AUD/USD is tailing off from the highs made after the latest RBA Minutes proved the bank to be on hold for the foreseeable future.

The RBA is betting on the basis that the economy will continue to grow and inflation will be on track towards their target in some given time. This gave way to the bulls case until 0.7512. However, the spike was shortlived and we were soon back on the offer to 0.7446 lows overnight. Some stability has come back into the commodity sector though that supports the Aussie with Oil back on $50.00 bbls, despite a bid in the greenback on safe-haven flows. 

Today, the ORB's gave its final poll results, Remain 54%, Leave 46%.

Brexit: cash in on the dead end at least?

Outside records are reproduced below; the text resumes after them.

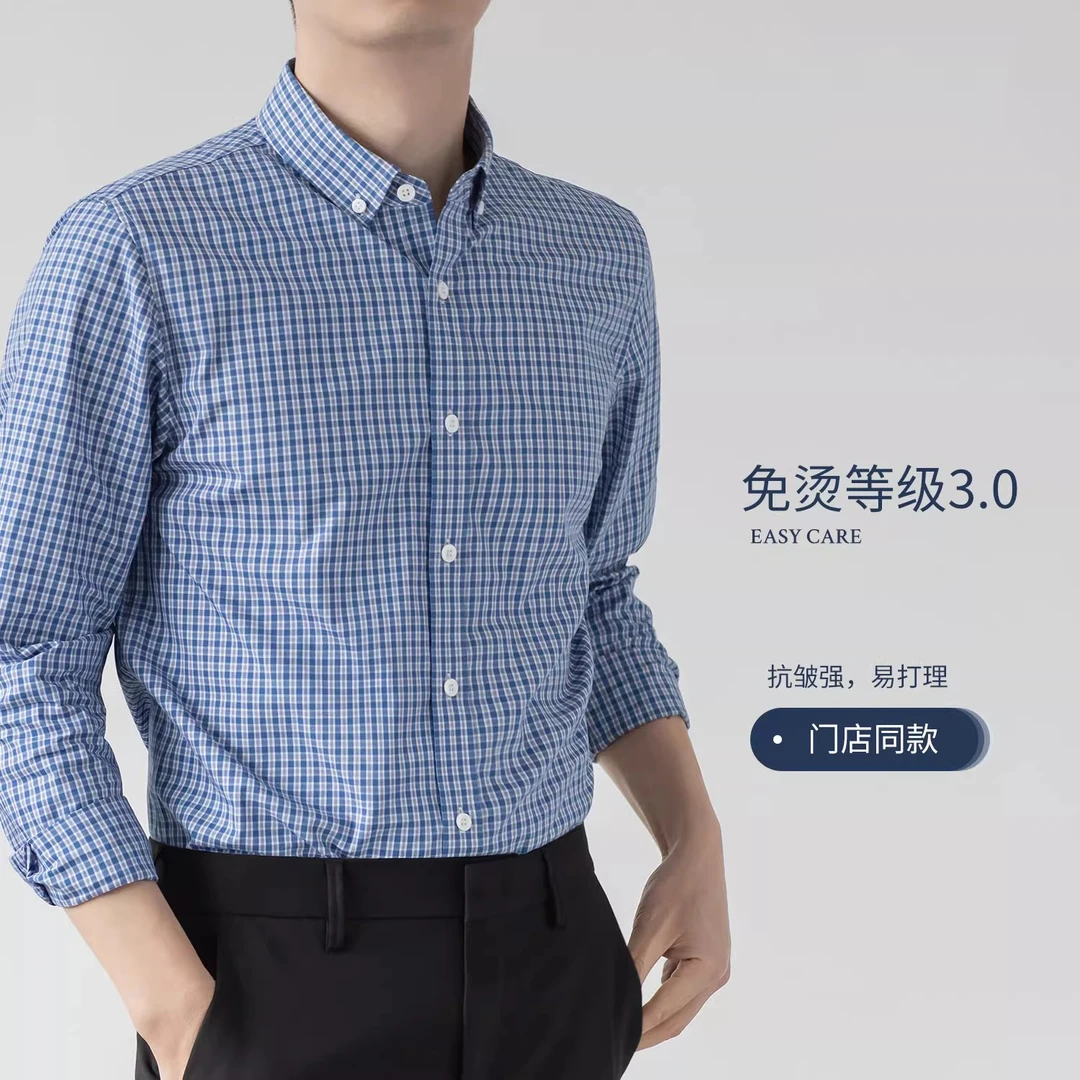 Moleubak 秋纯棉格子衬衫男长袖蓝商务正装休闲液氨免烫易打理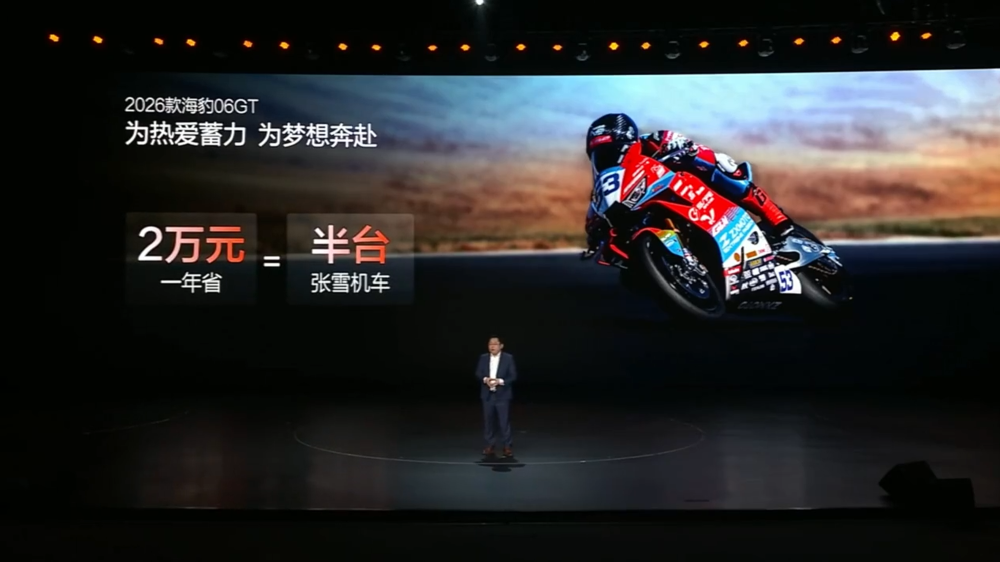 11.19万起！比亚迪新款海豹06双车型上市，搭载天神之眼5.0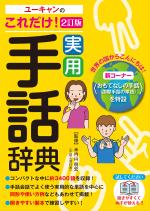 ユーキャンのこれだけ!実用手話辞典 2訂版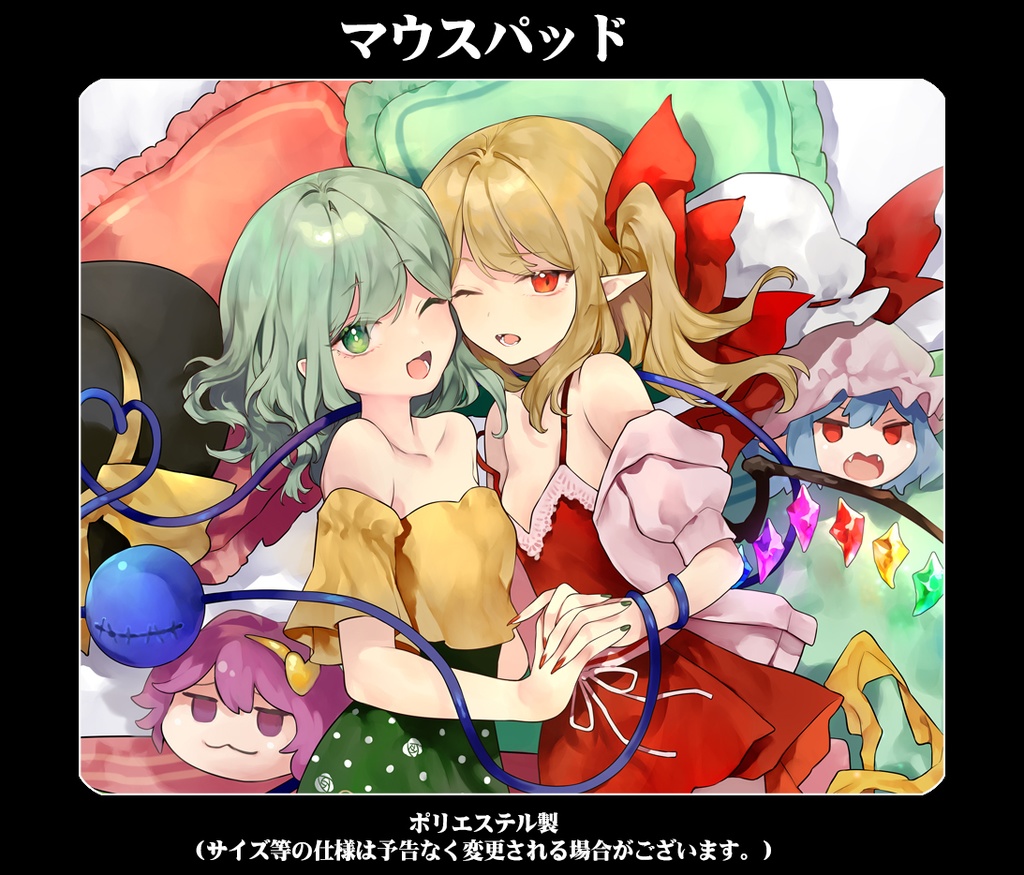 マウスパッド「こいし・フラン」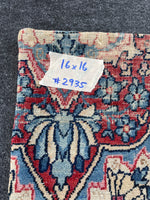 16x16 Antique Persian Rug Pillow #2935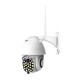 21 Globe Machine IP Camera Metal Double Shell 1080P 2MP Maximum Support TF Card 128G Night Vision Camera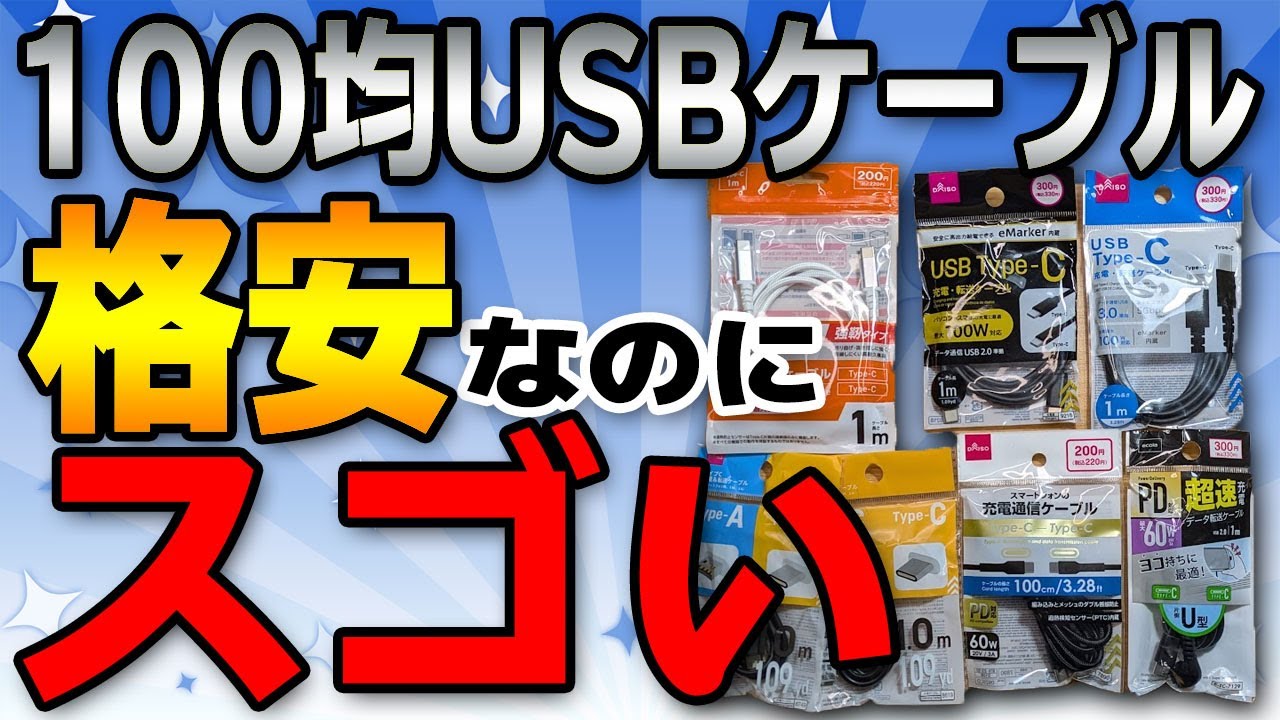 【神コスパ確定】100均のUSBケーブルがスゴすぎた【ダイソー/急速充電/高速通信】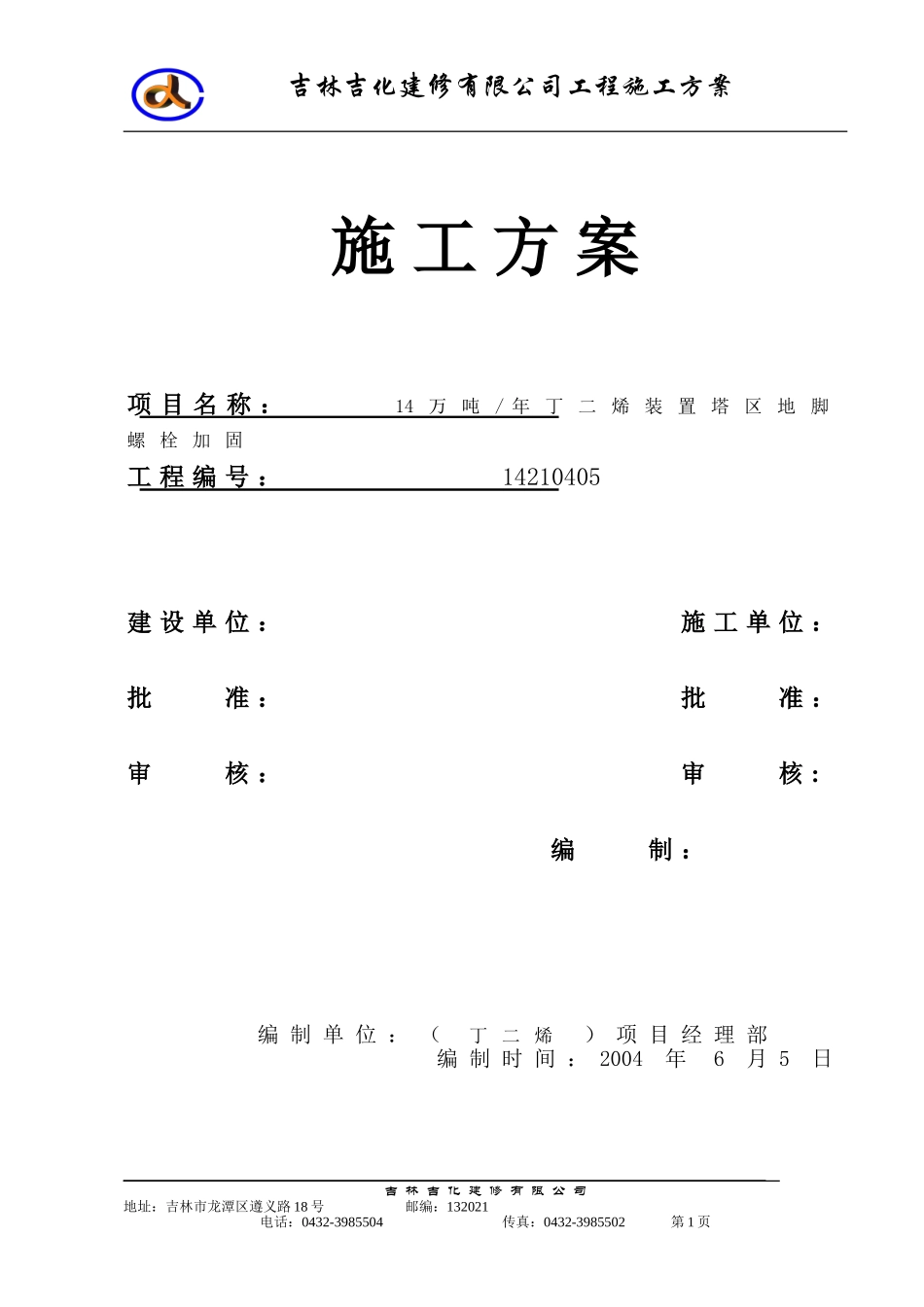地脚螺栓加固施工方案_第1页
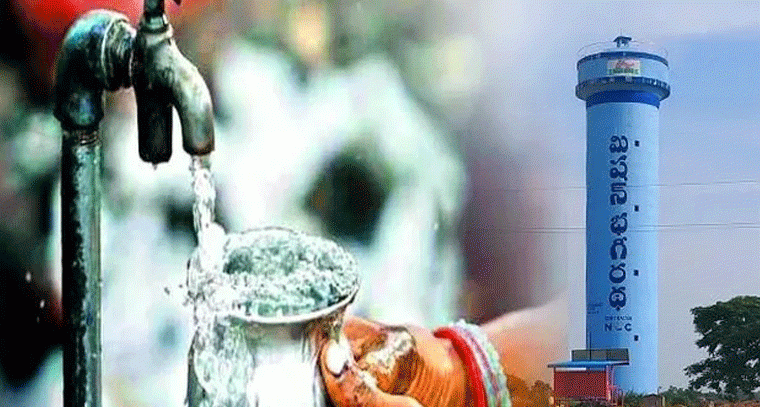  నీటి సరఫరాకు అంతరాయం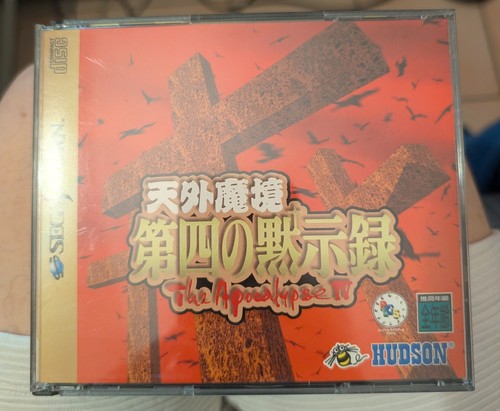Tengai makyou the apocalypse - the,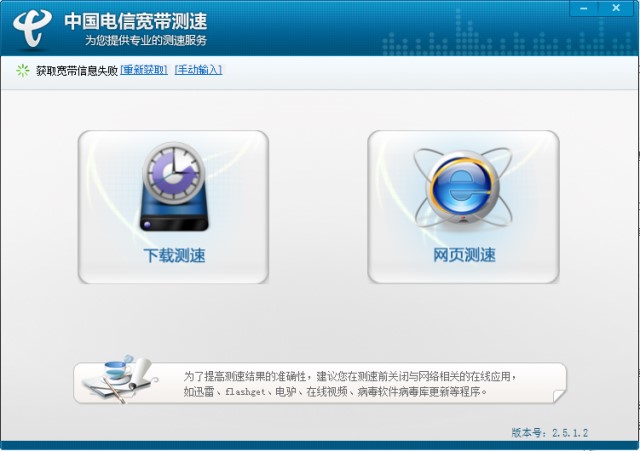 电信测速软件使用说明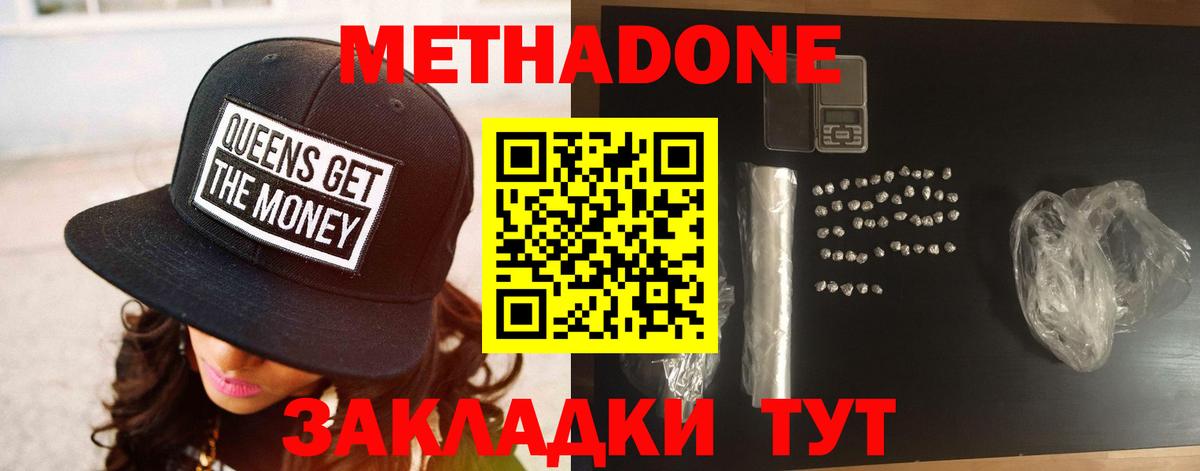 Метадон VHQ  Метадон кристалл  Вход с VPN  Пушкино 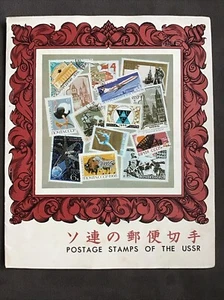 Russia & Russian Republics- Postage stamps of the USSR. - Picture 1 of 7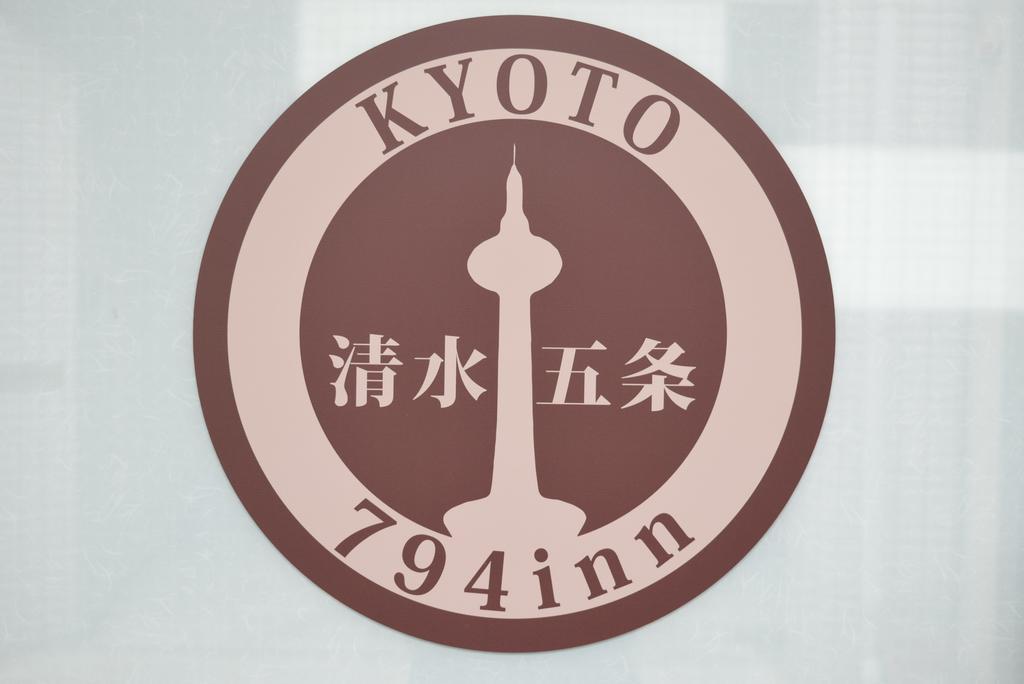 Kyomachiyanoyado 794Inn Kiyomizu Gojo Kyoto Exterior foto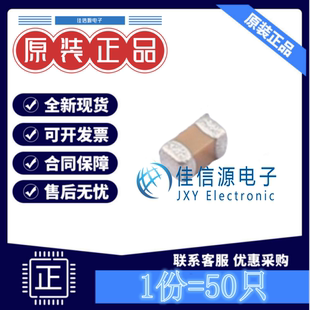 贴片电容 CGA3E2X7R1H104KT0Y0N 0603 100nF 50V X7R ±10%(50只)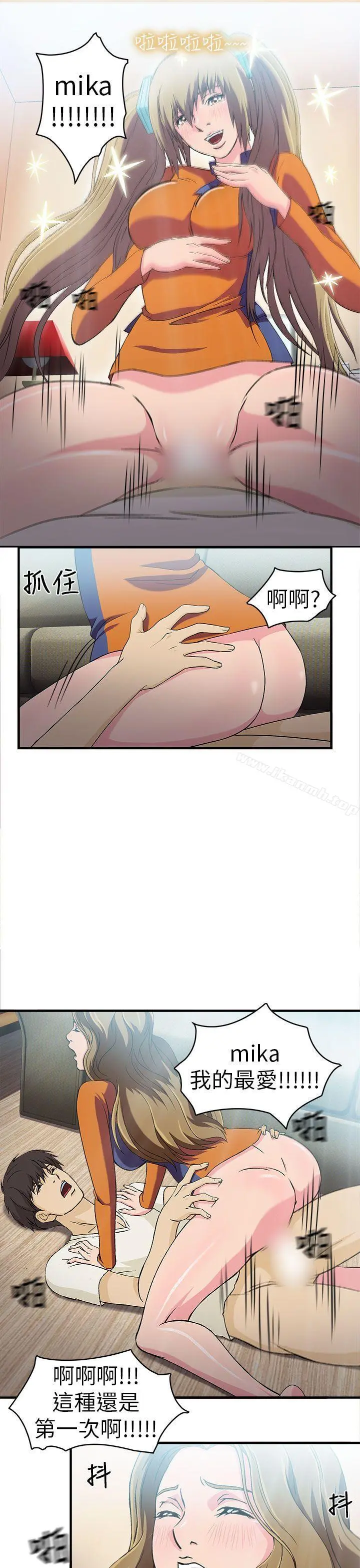 制服的诱惑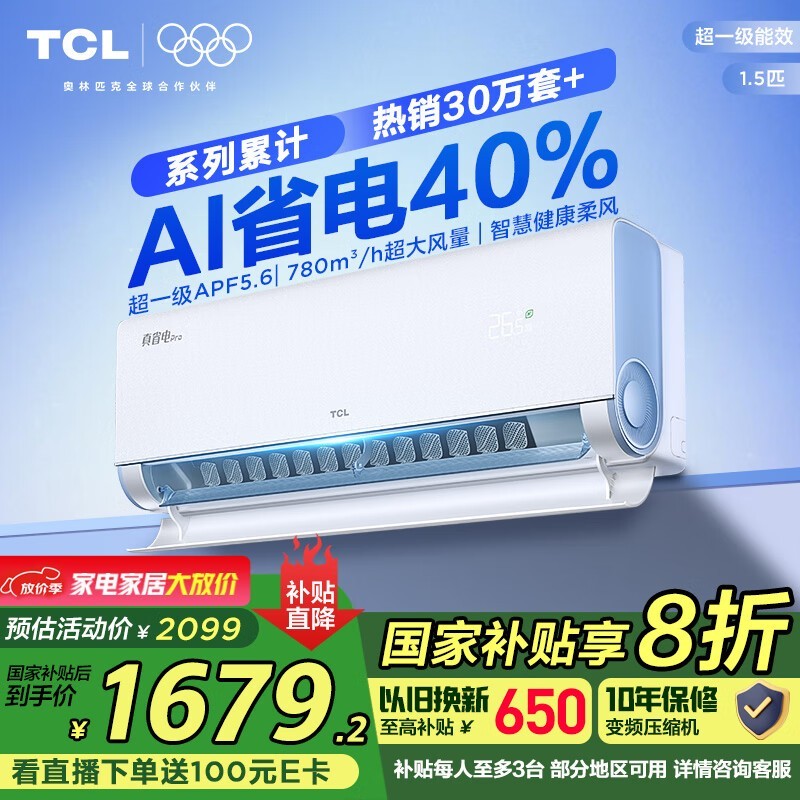 TCL KFR-35GW/RT2Ea B1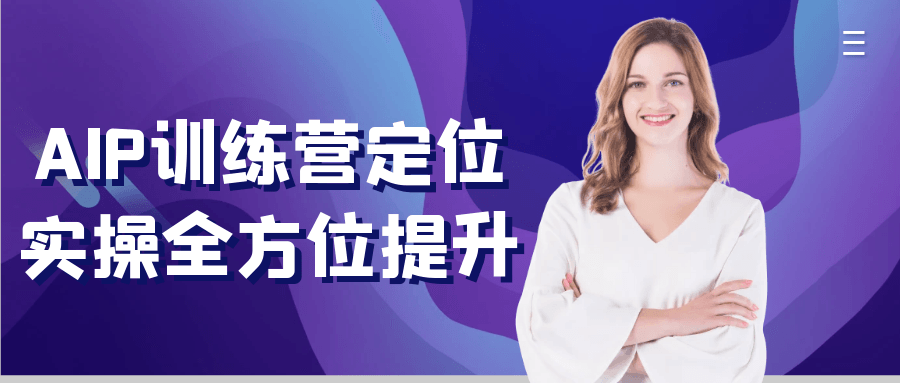 AIP训练营定位实操全方位提升-如意资源网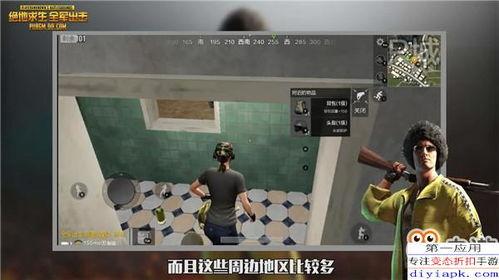 热点爆料方法大全视频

For the calendar, we are short of impetus from here until Yellen's extended testimony and the Brexit vote with results of final polls coming in quite equal, albeit with a slight bias to the stay campaign.

AUD/USD levels

Valeria Bednarik, chief analyst at FXStreet explained that in the 4 hours chart, the technical indicators have resumed their advances within positive territory and after correcting overbought readings, whilst the 20 SMA heads sharply higher below the current level, now around 0.7430. "Above the mentioned daily high, the rally can extend up to 0.7540, a strong static resistance level, with an advance beyond this last pointing for a steeper recovery up to 0.7834, this year's high."